The hardest part is waiting for the damn things to run. Right now I've had a fuzzing session going against the text-based browser lynx for 4 days, and still counting. (Specifically looking to see if it can be crashed when converting HTML to text, as is often done in mutt, etc, via 'lynx -dump').
Would it be possible to distribute the fuzzing on a small cluster or some cloud platform thing?
Stop writing AND READING, as what's read can be corrupted and yet written or used elsewhere.
I know what BUG means.
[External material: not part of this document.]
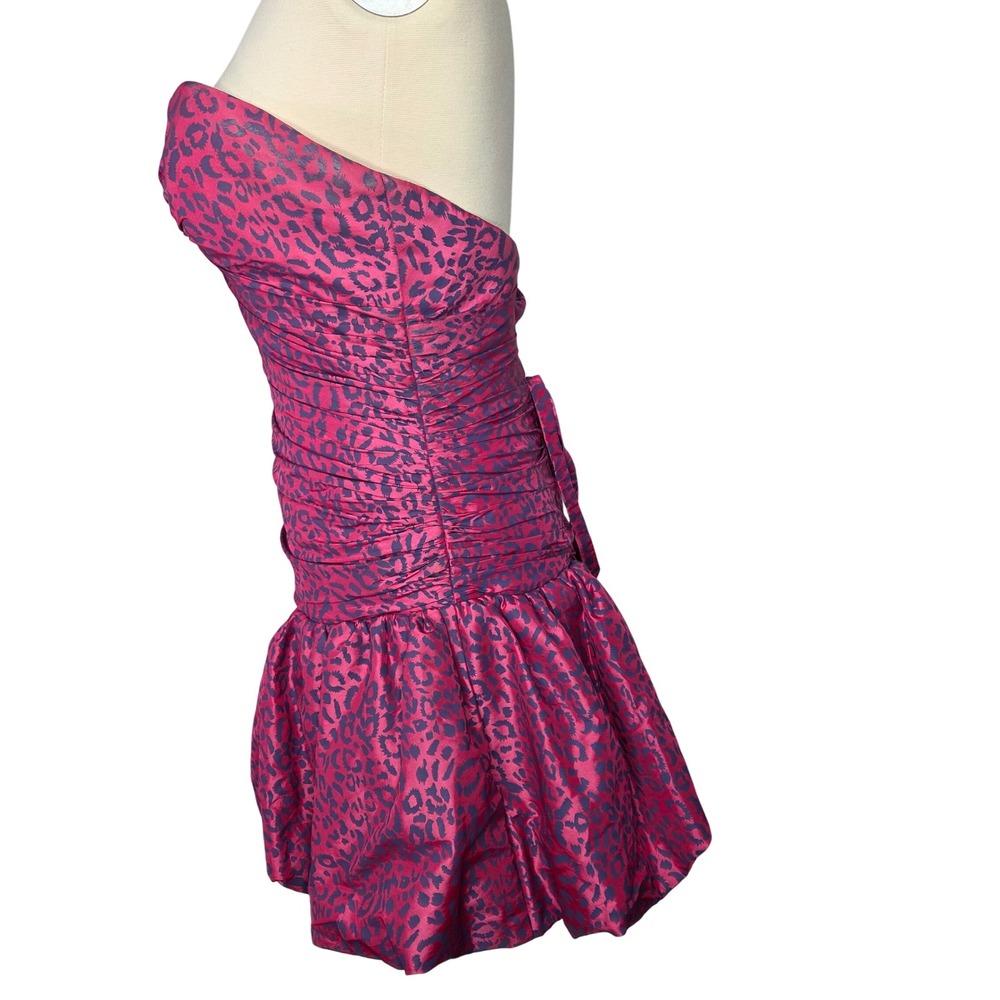 Flirt by Maggie Sottero Strapless Leopard Ruched Bodycon Ruffle Dress‎ Size 6 - Picture 2 of 8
There's a reason it exists: to make sure that code in an invalid state doesn't do something really dangerous. assert() is very useful.
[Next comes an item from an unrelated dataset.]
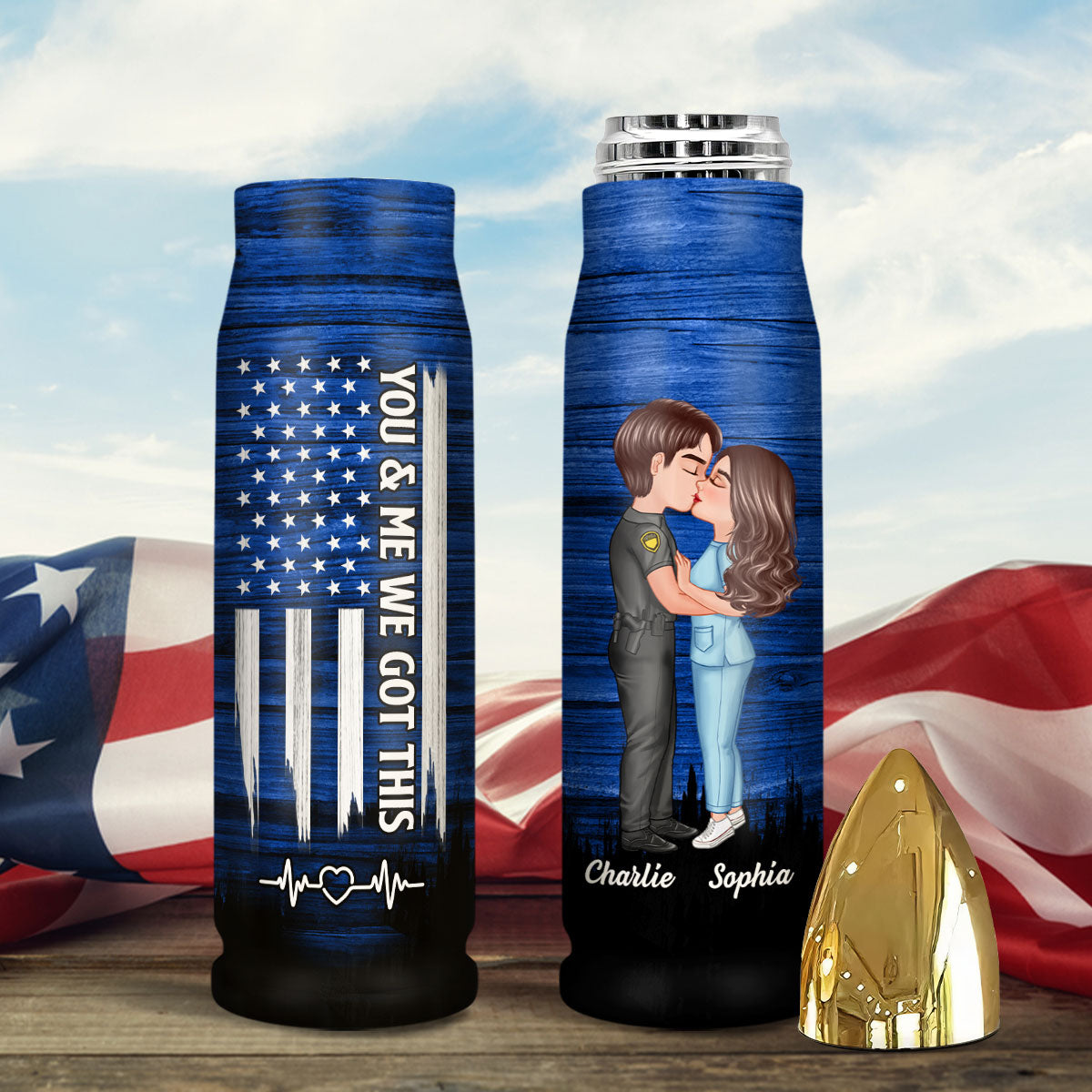 Hero Couple Hugging Kissing Half Flag Gift by Occupation Gift For Her Gift For Him Personalized Bullet Tumbler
See Vegard's discussion with Theodore Ts'o about this: http://marc.info/?l=linux-ext4&m=144898400422842&w=2
"Unfortunately, company policy prohibits me from sharing the actual code." (http://marc.info/?l=linux-ext4&m=145007745502639&w=2)
We have "Time to first bug" for a lot of file systems (ext4, btrfs, hfsplus, NTFS) covering a wide range of OSes & platforms ... and yet not a single word about ZFS?
Come on Oracle... you can do better than that.
Chris Mason wrote btrfs when he started at Oracle (not Sun):
ZFS is not included in the Linux kernel. Much of this work was about building the infrastructure to be able to perform this kind of test.
Trying to do it for file systems that aren't included in Linux is a lot of effort for much less gain.
I guess I should bump reporting/fixing the issues I found on my todo list.
I was able to set it up in a few hours for a moderately sized library. Along with valgrind, I was able to find and fix all of the bugs it uncovered after over a CPU month of testing.
I used it to create a fuzzer for CPython  and it didn't take terribly long to get something going. Majority of my time's been focusing on new test cases.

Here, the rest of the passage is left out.